To evaluate our model method on TDE-Simualtion dataset, simply run: ./scripts/evaluation/evaluation_tde.sh under parent path. You can change the checkpoint in the bash file.
To evaluate our model method on TDE-Simualtion dataset with mixture condition, simply run: ./scripts/evaluation/evaluation_mixture_tde.sh under parent path. You can change the checkpoint in the bash file.
To evaluate our model method on In-the-wild dataset, simply run: ./scripts/evaluation/evaluation_inthewild.sh under parent path. You can change the checkpoint in the bash file.
To evaluate our visual-guided ITD estimation model method on Visually-guided Time Delay Simulation Dataset, simply run: ./scripts/evaluation/evaluation_vgITD.sh under parent path. You can change the checkpoint in the bash file.

Visualization Demo

We provide codes for visualizing the ITD prediction of videos over time in vis_scripts/vis_video_itd.py. You can follow the steps below to generate visualization results of your own videos:

Create a folder for your test vides to by mkdir Dataset/DemoVideo/RawVideos/YourVideo, and save your videos to this path.

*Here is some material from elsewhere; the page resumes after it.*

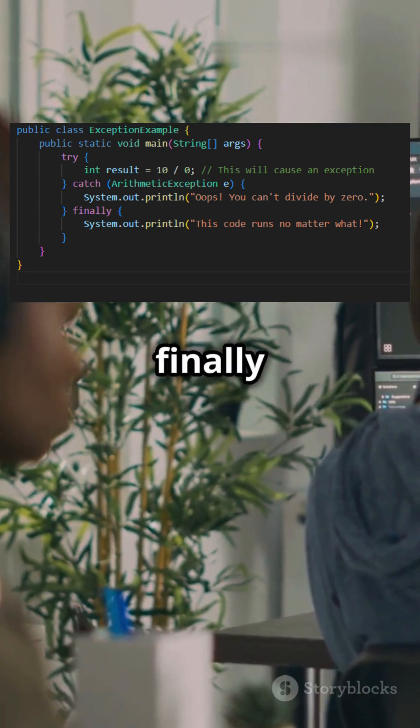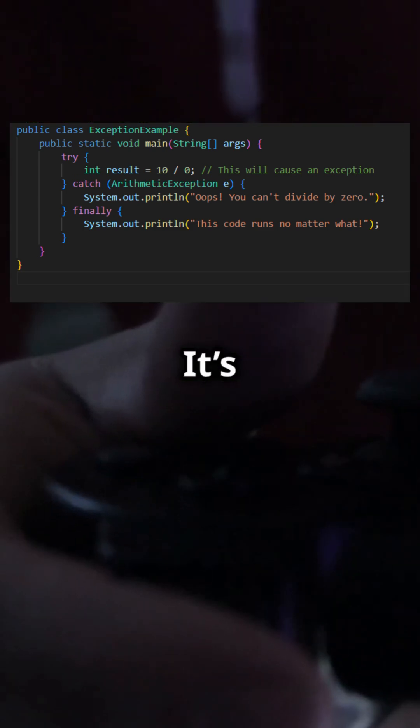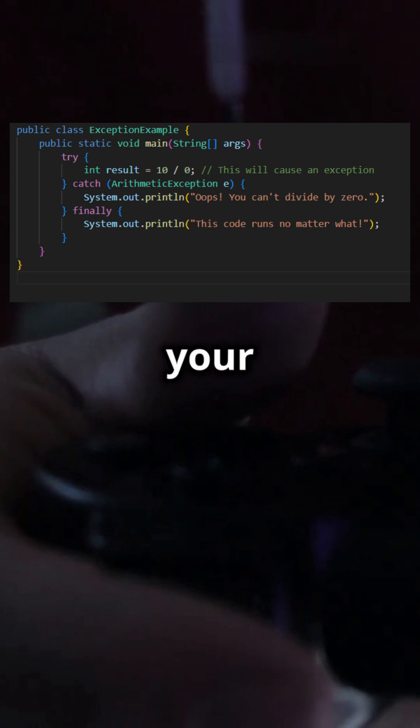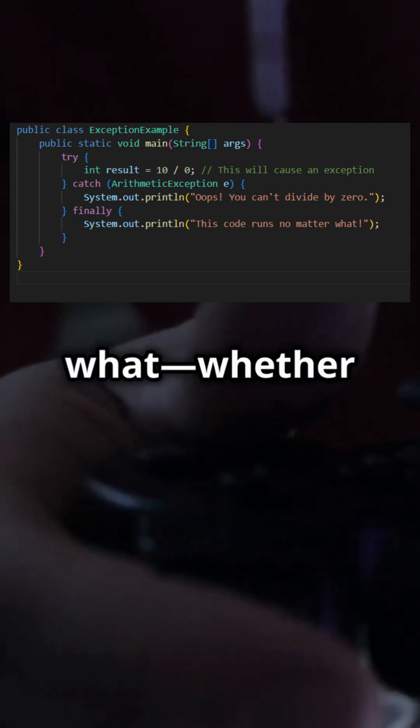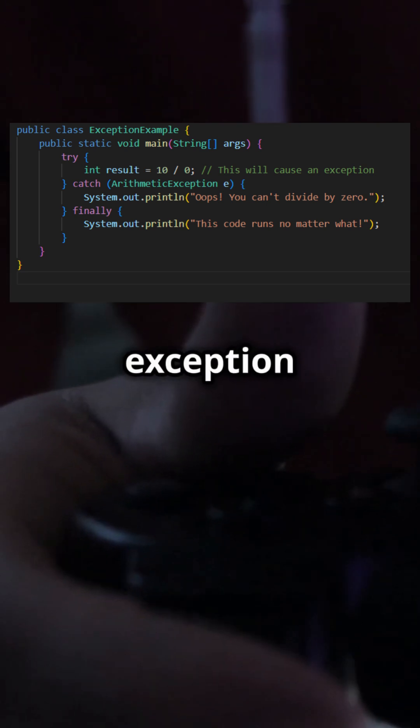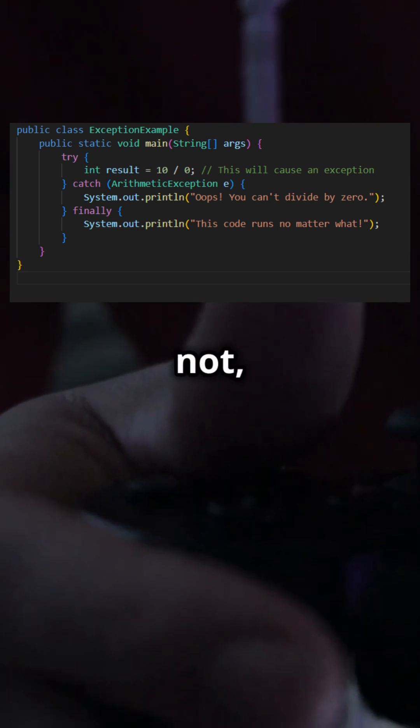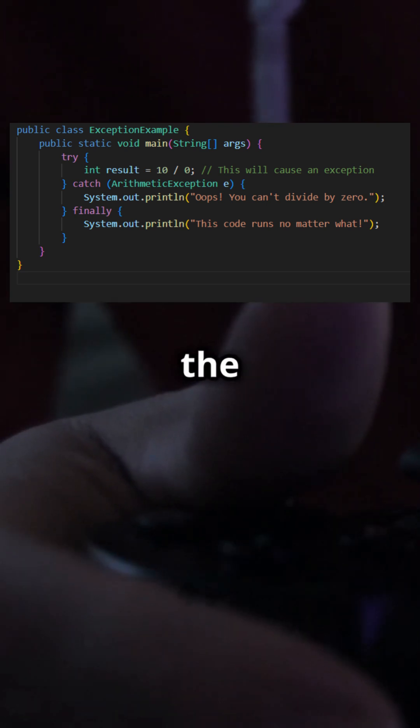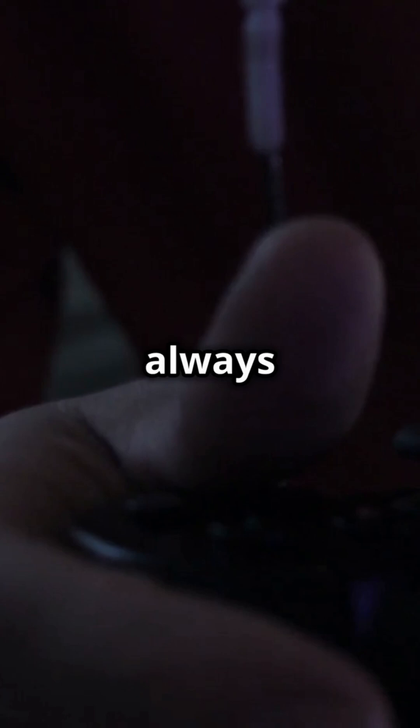And don't forget the finally block. It's like the game saving your progress no matter what. Whether an exception occurs or not, the code inside the finally block will always execute.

For preprocessing the video, simply run:

cd Dataset/DemoVideo
chmod +x process.sh
./process.sh 'YourVideo'

To inference with video results, go back to the parent folder path and simply run
```
./scripts/visualization_video.sh 'YourVideo' YOUR_SAVE_PATH
```
and the video results will be appeared under results/YOUR_SAVE_PATH.

Citation

If you find this code useful, please consider citing:

@inproceedings{
    chen2022sound,
    title={Sound Localization by Self-Supervised Time Delay Estimation},
    author={Chen, Ziyang and Fouhey, David F. and Owens, Andrew},
    journal={arXiv},
    year={2022}
}

Acknowledgment

This work was funded in part by DARPA Semafor and Cisco Systems. The views, opinions and/or findings expressed are those of the authors and should not be interpreted as representing the official views or policies of the Department of Defense or the U.S. Government.